▶ **Exercise goal**
All of the data below should be printed again word for word, pictures excluded.

(Excerpts from a dataset)
"""

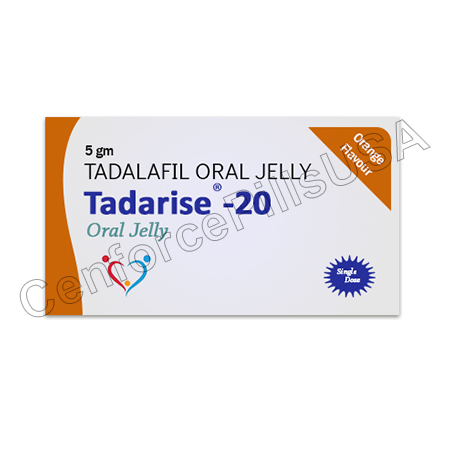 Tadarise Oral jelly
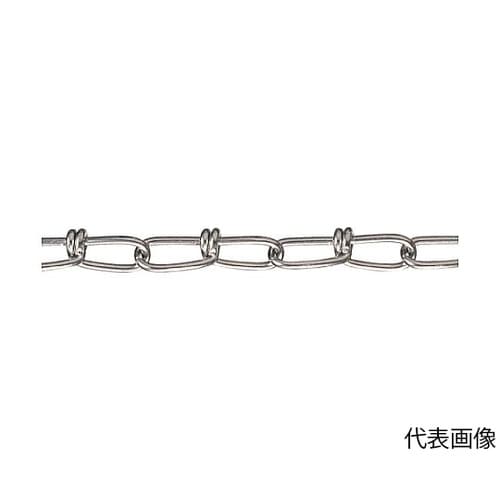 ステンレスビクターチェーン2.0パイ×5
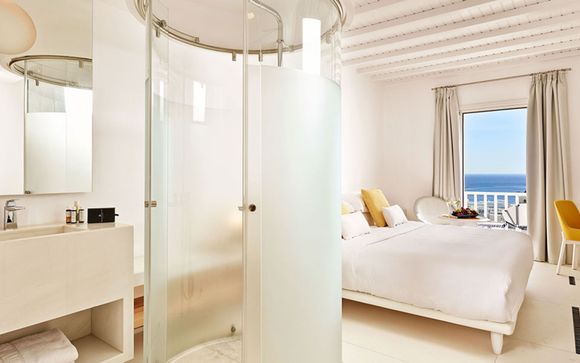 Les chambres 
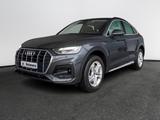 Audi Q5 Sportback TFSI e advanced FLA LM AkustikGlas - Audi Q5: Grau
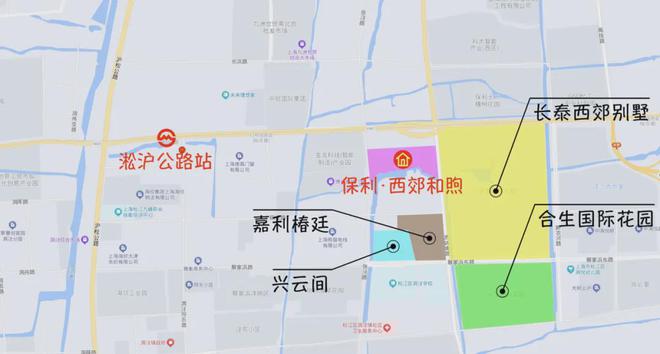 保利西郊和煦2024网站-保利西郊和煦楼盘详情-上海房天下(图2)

"""

▶ **Response area**
 Tadarise Oral jelly
 ステンレスビクターチェーン2.0パイ×5
 Les chambres 
 Audi Q5 Sportback TFSI e advanced FLA LM AkustikGlas - Audi Q5: Grau
 保利西郊和煦2024网站-保利西郊和煦楼盘详情-上海房天下(图2)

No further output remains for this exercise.